— Джек, — начала она. — Джек, послушай, я…
— Делай, что я говорю, детка. Возвращайся в Нью-Йорк.
Он повесил трубку, и она заплакала прямо в телефон.
Она провела в отеле еще сутки, потому что у нее не было ни сил, ни желания двигаться, потом собрала свой чемодан, вызвала такси, поехала в аэропорт и вернулась в свою нью-йоркскую квартиру.
Только через три недели ей удалось поймать Рафферти. Когда бы она ни звонила, его не было, и сам он ей не звонил, хотя она всякий раз говорила, кто его просит.
Когда он наконец появился в Нью-Йорке, она не сразу рассказала ему о том, что произошло. К этому времени ей уже больше всего на свете хотелось забыть о происшедшем. Он сидел и молча слушал, пока она, опуская наиболее мрачные подробности, рассказывала ему, что же случилось в Новом Орлеане.
— Он тебе ничего не сделал? — спросил он наконец, когда она кончила. — Не нанес тебе никаких увечий, а?
Она взглянула на него в изумлении.
— И это все, что ты хочешь сказать?
— А что я могу сказать? — спросил он. — Этот человек — мерзавец. Его следует арестовать и засадить в тюрьму. Но что мы можем сделать? Ничего.
— Я считаю, что ты…
Он наклонился и взял ее за руку.
— Послушай, детка, — сказал он, — что случилось, то случилось. Мне от этого не менее горько, чем тебе. Но такие вещи иногда случаются. Что я могу сделать? Заявить на него? Но тогда выяснится, что я сам послал тебя туда и велел остановиться в отеле под именем его жены. Нет, я не могу этого позволить. Ты хочешь, чтобы я взял пистолет и отправился искать его? Что ж, это…
Она отвела от него взгляд.
— Нет, — ответила она. — Нет, ничего подобного я не хочу. Просто… — Она не решилась договорить и снова посмотрела на него.

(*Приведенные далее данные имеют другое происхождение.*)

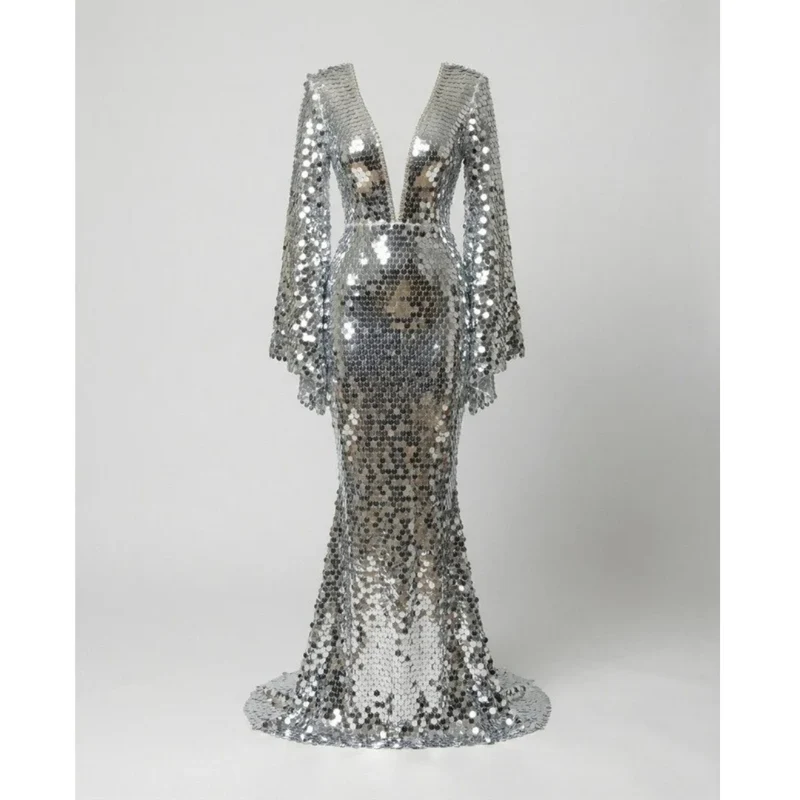 Nadja | Damen Silber Abendkleid Mit Pailletten, Party Design Und Glitzer Effekt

— Джек, — сказал она, — ты должен был приехать. Ты должен был приехать, раз сказал, что приедешь.
— Послушай, детка, — принялся убеждать он ее, — ты же знаешь, что, когда я на работе, я сам себе не принадлежу. Ты знаешь, я своим временем не располагаю. Сначала союз, а потом уж…
И вдруг она перестала его слушать, перестала слышать его слова, хотя он продолжал что-то говорить. Фразы, которые он произносил, были ей слишком знакомы. Она уже слышала их сотни раз. Нет, прежде к ней они не имели никакого отношения, не в этом дело. И тем не менее, она уже их слышала. И вдруг Джил поняла, в чем дело. Те же самые слова и фразы она довольно часто слышала от него, когда он оправдывался, рассказывая о своих единомышленниках. Пытался объяснить, почему предал их.
Впервые за всю их близость она начала в нем сомневаться. Не лжет ли он? Действительно ли его самолет посадили в Канзасе? Старался ли он дозвониться?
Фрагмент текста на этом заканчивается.